Task statement. Skip the images and repeat every entry word for word.

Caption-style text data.

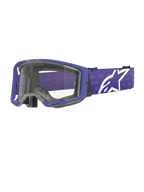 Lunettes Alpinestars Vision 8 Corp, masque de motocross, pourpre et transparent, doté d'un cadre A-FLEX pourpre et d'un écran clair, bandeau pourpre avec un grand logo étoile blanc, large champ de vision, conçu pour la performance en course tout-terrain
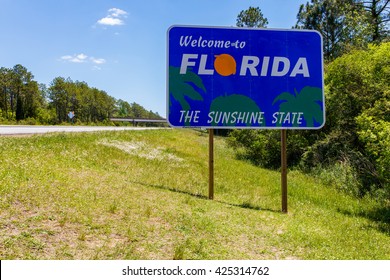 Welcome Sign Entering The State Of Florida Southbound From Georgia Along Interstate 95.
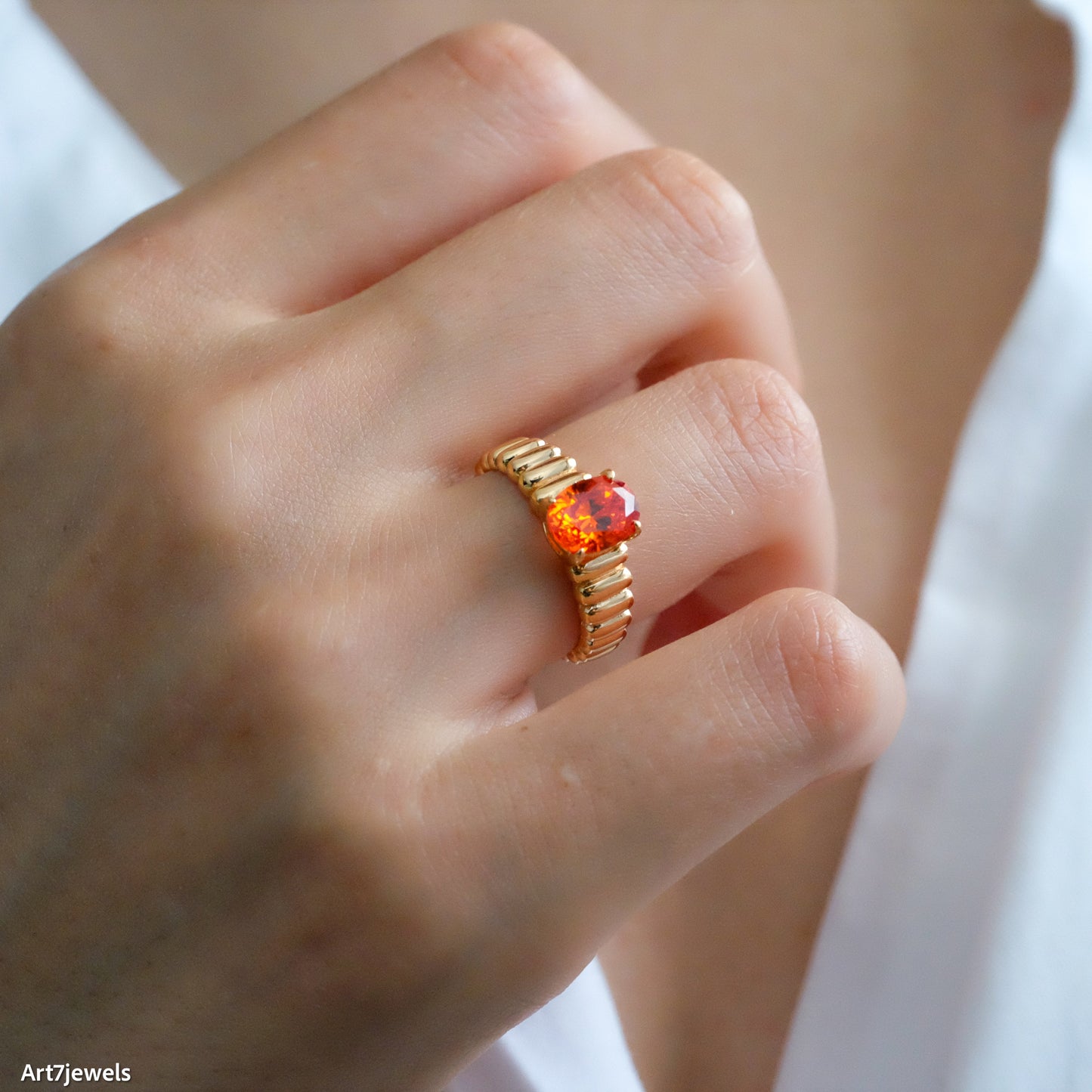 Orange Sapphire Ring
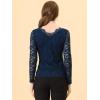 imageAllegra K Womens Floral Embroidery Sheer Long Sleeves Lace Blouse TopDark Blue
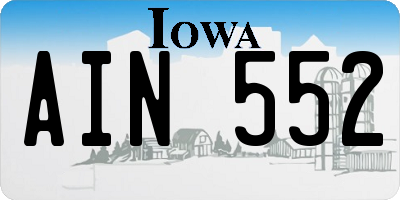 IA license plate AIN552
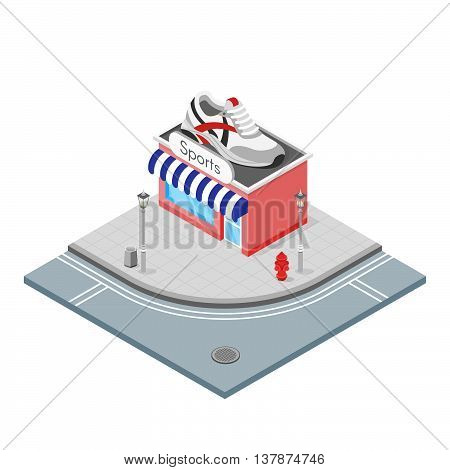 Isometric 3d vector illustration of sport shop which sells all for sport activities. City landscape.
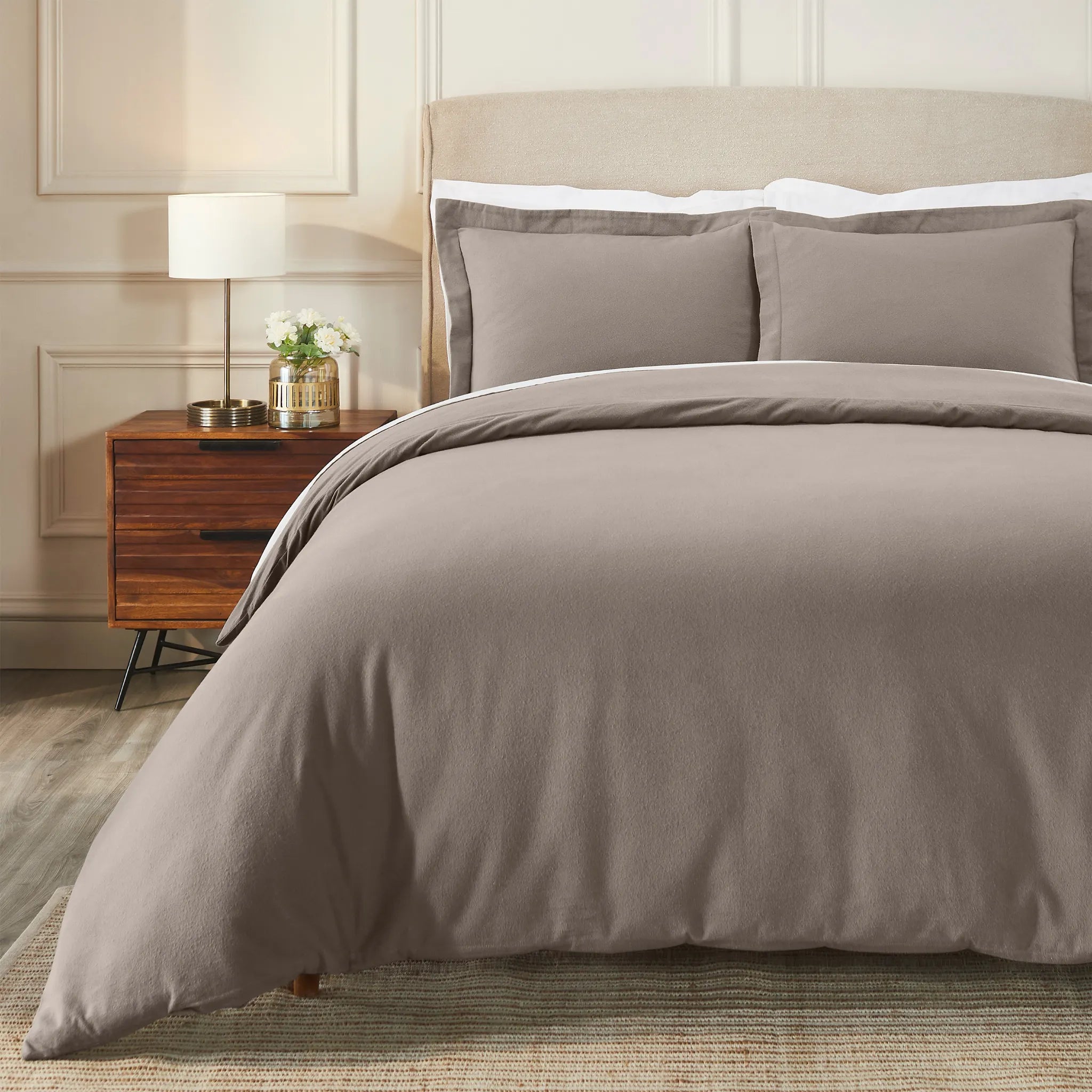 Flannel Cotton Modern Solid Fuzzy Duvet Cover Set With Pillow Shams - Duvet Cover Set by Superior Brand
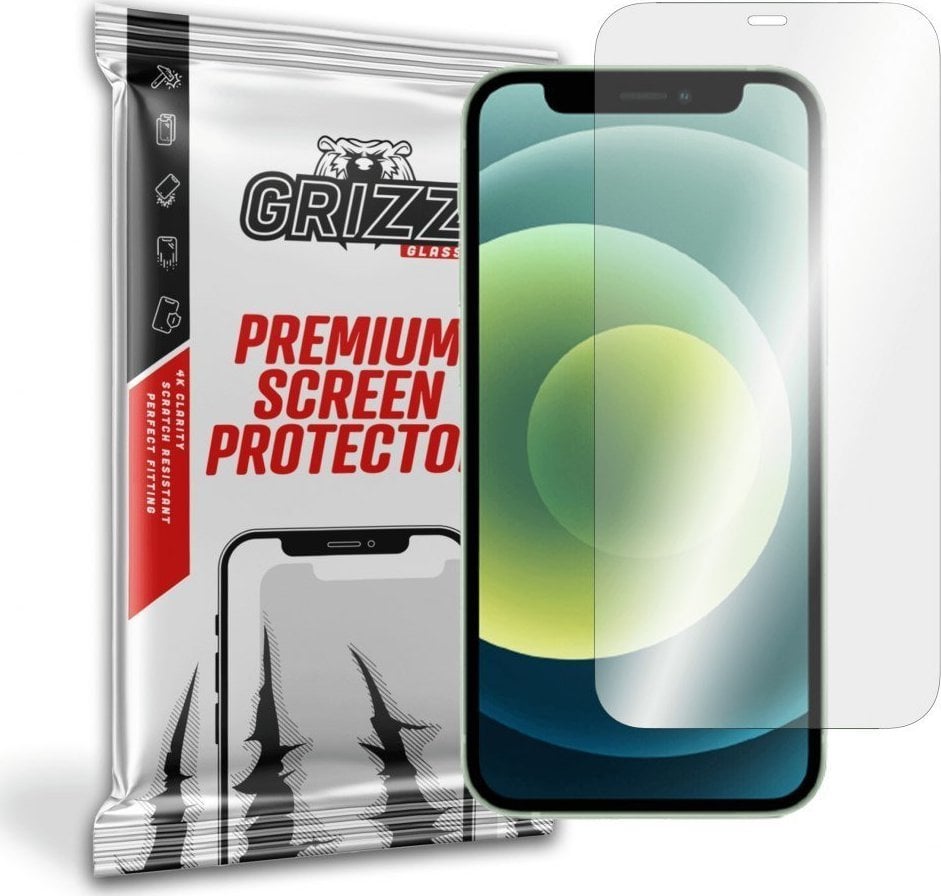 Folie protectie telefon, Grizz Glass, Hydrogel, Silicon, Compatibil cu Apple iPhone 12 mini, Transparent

Task output.
 Lunettes Alpinestars Vision 8 Corp, masque de motocross, pourpre et transparent, doté d'un cadre A-FLEX pourpre et d'un écran clair, bandeau pourpre avec un grand logo étoile blanc, large champ de vision, conçu pour la performance en course tout-terrain
 Welcome Sign Entering The State Of Florida Southbound From Georgia Along Interstate 95.
 Orange Sapphire Ring
 imageAllegra K Womens Floral Embroidery Sheer Long Sleeves Lace Blouse TopDark Blue
 IA license plate AIN552
 Isometric 3d vector illustration of sport shop which sells all for sport activities. City landscape.
 Flannel Cotton Modern Solid Fuzzy Duvet Cover Set With Pillow Shams - Duvet Cover Set by Superior Brand
 Folie protectie telefon, Grizz Glass, Hydrogel, Silicon, Compatibil cu Apple iPhone 12 mini, Transparent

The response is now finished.